Faegre Baker Daniels, a Chicago-based law partnership, is being accused of legal negligence and “erroneous advice” by Digital Capital Management LLC, formerlly known as Crypto Asset Fund LLC. According to legal documents, Faegre Baker Daniels told the investment fund to structure their company in a particular way, citing that crypto assets are not securities. This move invited an investigation and $200,000 penalty by the SEC, prompting the plaintiffs to seek legal remedy, January 3, 2019.
Tango with Securities Law
Considering today’s regulatory climate with cryptocurrency, it is best not to deal in any form of absolutes when setting a corporate structure in place for a crypto asset investment fund – especially in the United States. Going ahead with an explicit understanding that “crypto-assets aren’t securities” was a recipe for disaster in itself.

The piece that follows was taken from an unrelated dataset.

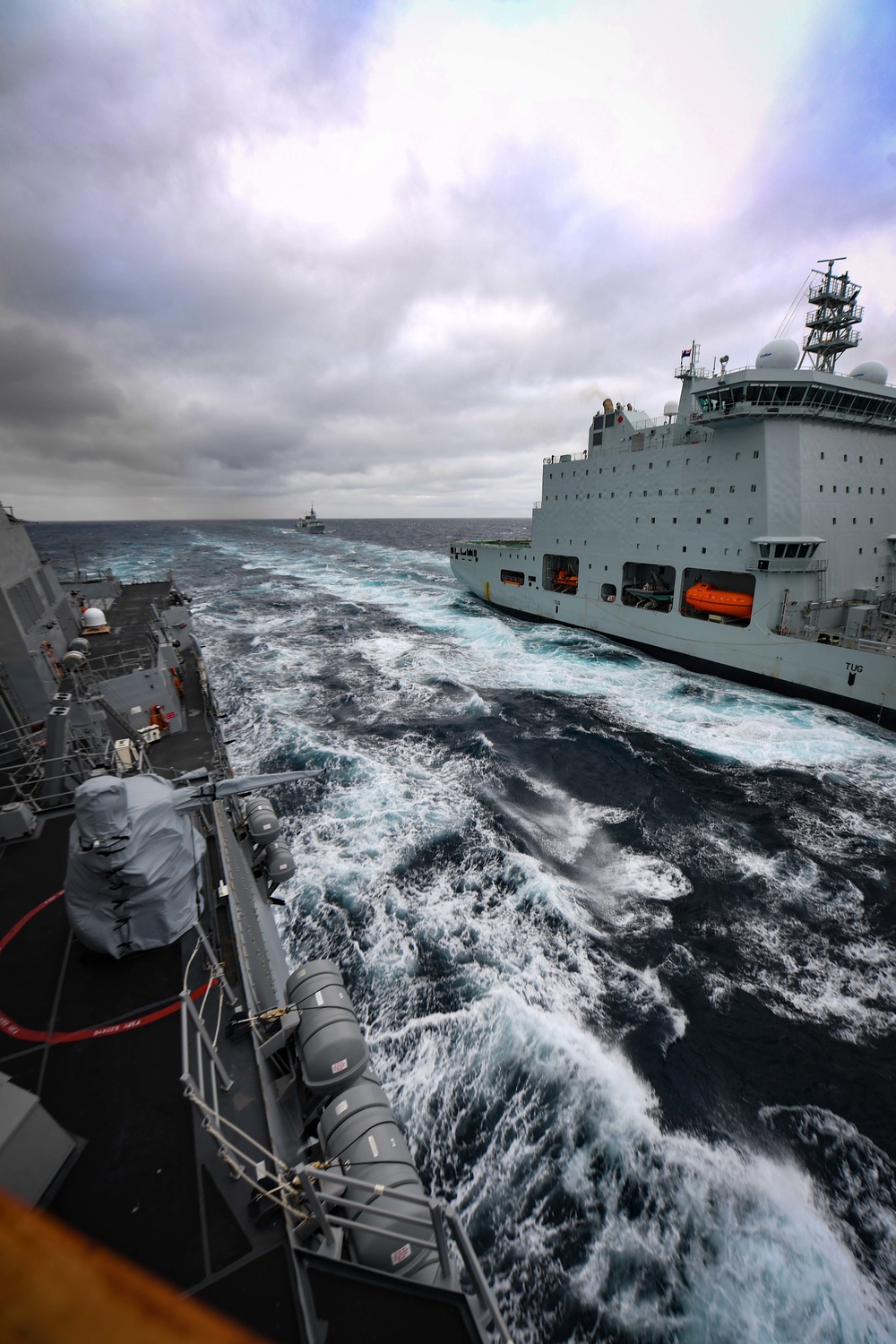 USS Thomas Hudner (DDG 116) Participates in a Replenishment-at-Sea With MV Asterix During Nanook 2020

What ensued was a notice from the SEC to Digital Capital Management LLC. As the inquiry progressed, DCM’s Managing Director, Timothy Enneking, told the SEC they had only done what their legal counsel asked them to do in written and oral communication to the fund.
As per Enneking, the SEC was “trying to make a point” by fining his company, as the September 2018 settlement represented the SEC’s first enforcement action against a cryptocurrency hedge fund.
Digital Capital Management is now seeking compensatory damages for reputational harm and lost profits, other consequential damages, reimbursement of legal expenses and attorney fees, and any other damages the court deems fair.
Dealing With Ambiguous Laws
There is a case to be made but neither Faegre Baker Daniels or Digital Capital Management did anything illegal given the lack of detailed legal directives. But whether what they did was illegal or not, it is fairly obvious that there was no deliberate intent to defraud investors or regulators.
Congress is contemplating a rigid cryptocurrency law to define what entities are required to do and how they are required to do them. The clarity such a law would bring to the industry would definitely help more shaky feet enter the ring and expose themselves to this market. A majority of institutional investors who are waiting on the sidelines are held back by the regulatory uncertainty and would be willing to, at the least, dip their toes in the small pond of capital that is the cryptocurrency market.